Sunday, November 30, 2014

Under The Gun



             The shooting by a police officer of an unarmed black youth in Ferguson, Mo. may have less to do with racism and more to do with what appears to have become the American way of handling things – “shoot first, ask questions later.”

 Just one of many examples: A 47-year-old Florida man shoots and kills a 17-year-old black youth because the teenager was playing his car radio too loud. The shooter later told police he felt threatened. A jury recently decided he was the threat and he was given life in prison. Two lives destroyed, needlessly. Why?  In another Florida incident in which a whole series of peaceable actions could have been taken to resolve a traffic dispute, a gun was used. Although no one was killed, a man went to jail, and lives were disrupted.

In Ferguson, after the St. Louis grand jury decided not to file charges against the police officer, protestors responded by shooting police officers. Meanwhile, a group of “volunteers” armed with guns and led by a weapons engineer took to the rooftops in Ferguson to protect businesses from looting by the protestors.

Just days before the protests began in Ferguson, two Cleveland police officers arrived at a park, where someone reported a youth wielding a gun. They were warned the weapon might be a fake. Two seconds on the scene and one of the officers shot a 12-year-old-boy whose pellet gun was missing the orange tab that indicates it’s not a real gun.

            It appears we are substituting a civil society built on enlightenment and justice to a land where the individual is the law unto himself. A Pennsylvania state lawmaker recently took that approach during a holdup near the state Capitol. (See Harrisburg lawmaker exchanges gunfire with would-be robbers). The governor of Pennsylvania, Tom Corbett, seems to endorse the idea. He recently signed a law that allows gun owners to sue cities that adopt laws to protect the public from gun violence.

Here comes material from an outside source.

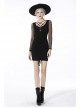 Street Fashion Lace Decoration Up  Chest Drawstring Design Transparent Long Sleeve Black Slim Dress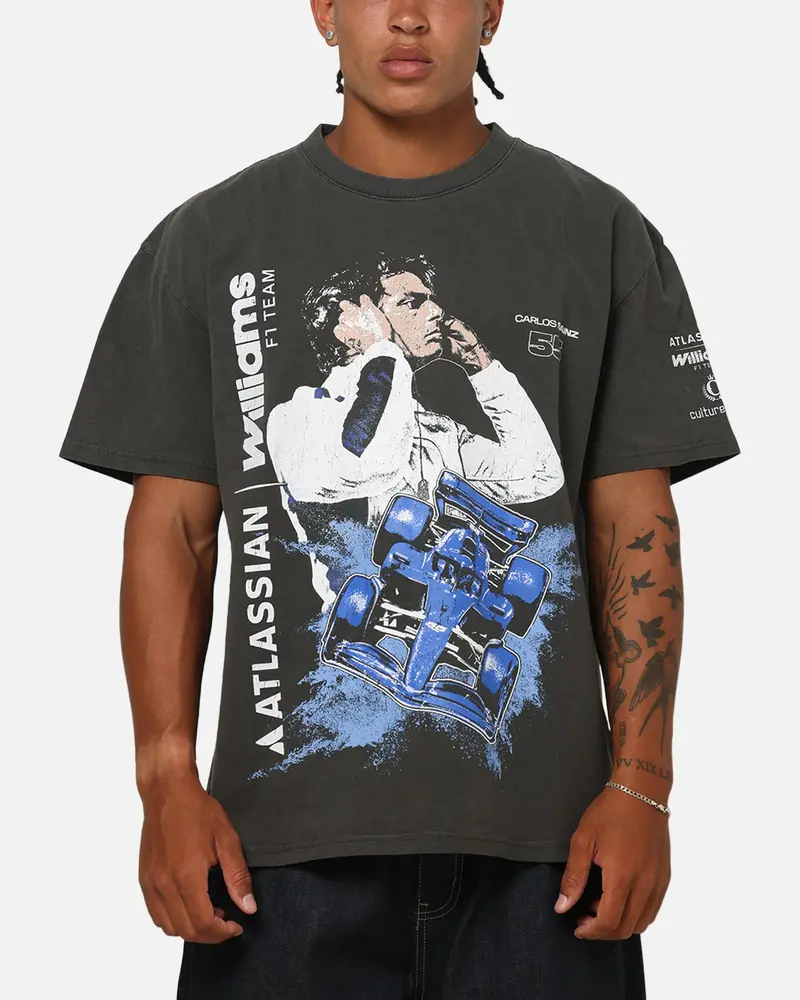 Culture Kings X Atlassian Williams F1 Team Carlos Sainz Jr. Heavy T-Shirt Black Acidwash 1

America is a culture of guns. Fear mongering is used to fight any effort to regulate guns for safe communities. There are those of us who still believe in the preamble of the Constitution and Abraham Lincoln’s consecration of the words “We the People” in his Gettysburg Address: “This nation, under God, shall have a new birth of freedom, and that government of the people, by the people, for the people, shall not perish from this earth.” Funny, the words almost sound fanciful. 
 

                                           Photo by Oleg Volk

The Declaration of Independence, the foundation on which the Constitution was drafted, establishes that we are endowed with certain unalienable rights: life, liberty and the pursuit of happiness. People do have a right to own guns, but should that right infringe on those who don’t own guns or on the right of the society at large to live without fear of firearms? The challenge is finding a balance, which today is clearly lacking. Gun carnage appears to be unfolding across the land.

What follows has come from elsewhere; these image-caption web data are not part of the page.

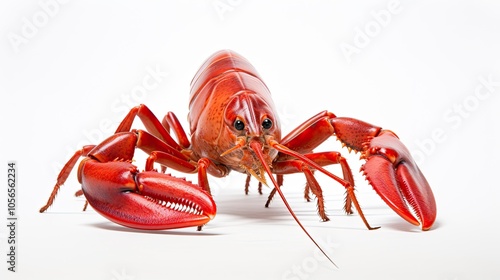 A detailed scientific illustration of a crayfish with its anatomy labeled, highlighting features like its exoskeleton, claws, and antennae, set against a neutral background for educational purposes photo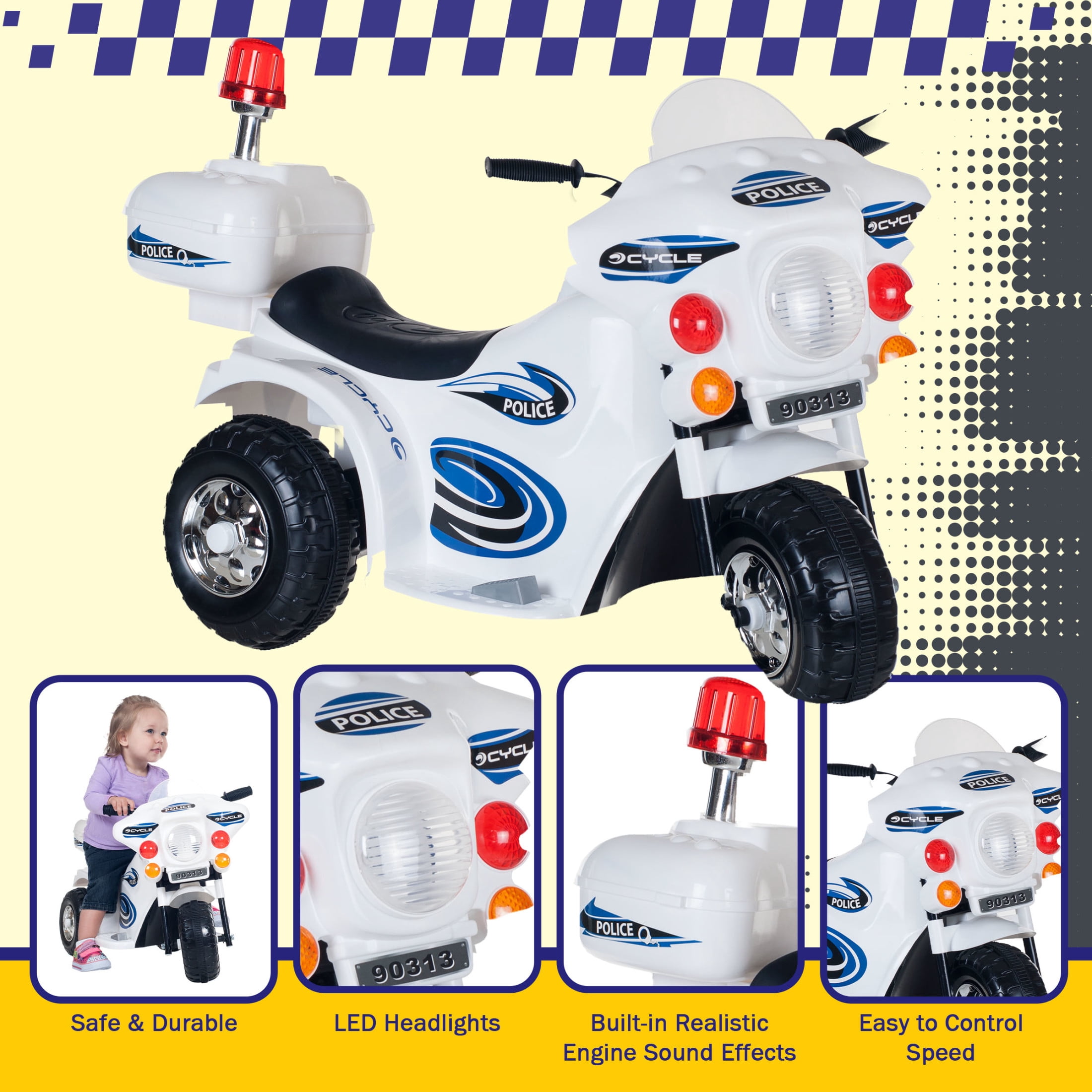 Lil' Rider 3-Wheel Kids Motorcycle with Police Decals - For Ages 3 to 6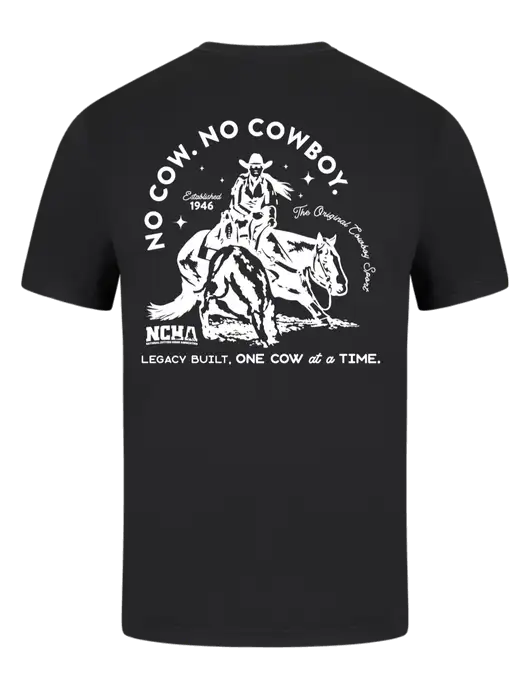 Comfort Colors 6.1 oz Black Heavyweight Ring Spun T-Shirt w/No Cow No Cowboy Logo, NCHA Logo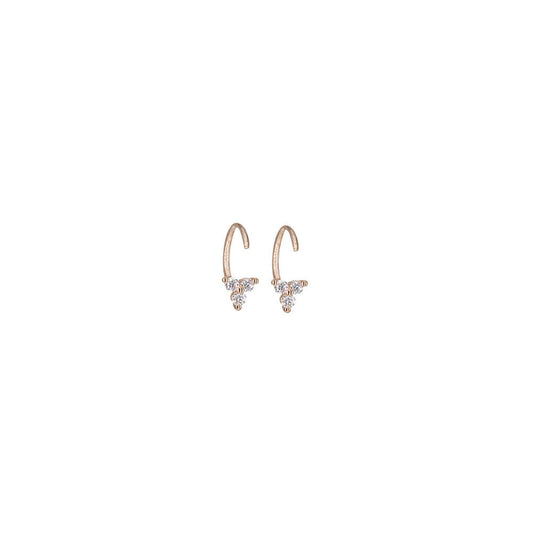 14KT Rose Gold Behind the Ear Triple Diamond Huggy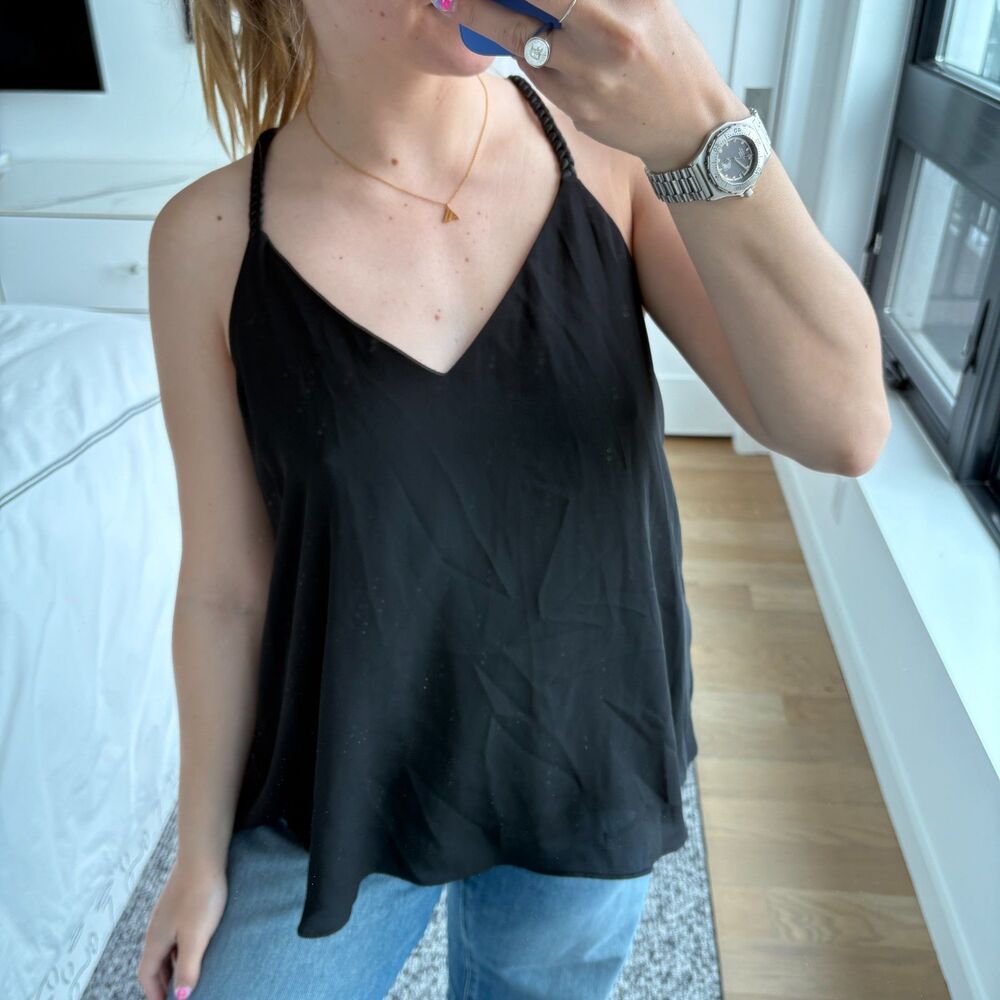AQUA Sleeveless V-Neck Braided Tassel Strap Tank Top Black Size Medium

Allowing people to carry guns as weapons for protection seems to have opened a Pandora’s Box for anarchy. Last June, two Las Vegas police officers and a civilian were killed by a young couple whose motive was they hated the government. The couple took their own lives, but not before shouting “this is a revolution!” and covering the bodies of the officers in a Gadsden flag, the traditional American flag with the coiled snake and the words “Don’t Tread on Me.”

            Gun violence has long been out of control in America. How can we not say something is wrong when 20 elementary school children are shot dead sitting at their desks because an emotionally disturbed young man was allowed easy access to an array of powerful firearms? The irony is we do say something is wrong, but we do nothing to address it. 

            Gun violence is so pervasive that it has become matter-of-fact in our lives. We are numb. We do nothing. We choose to live under the gun.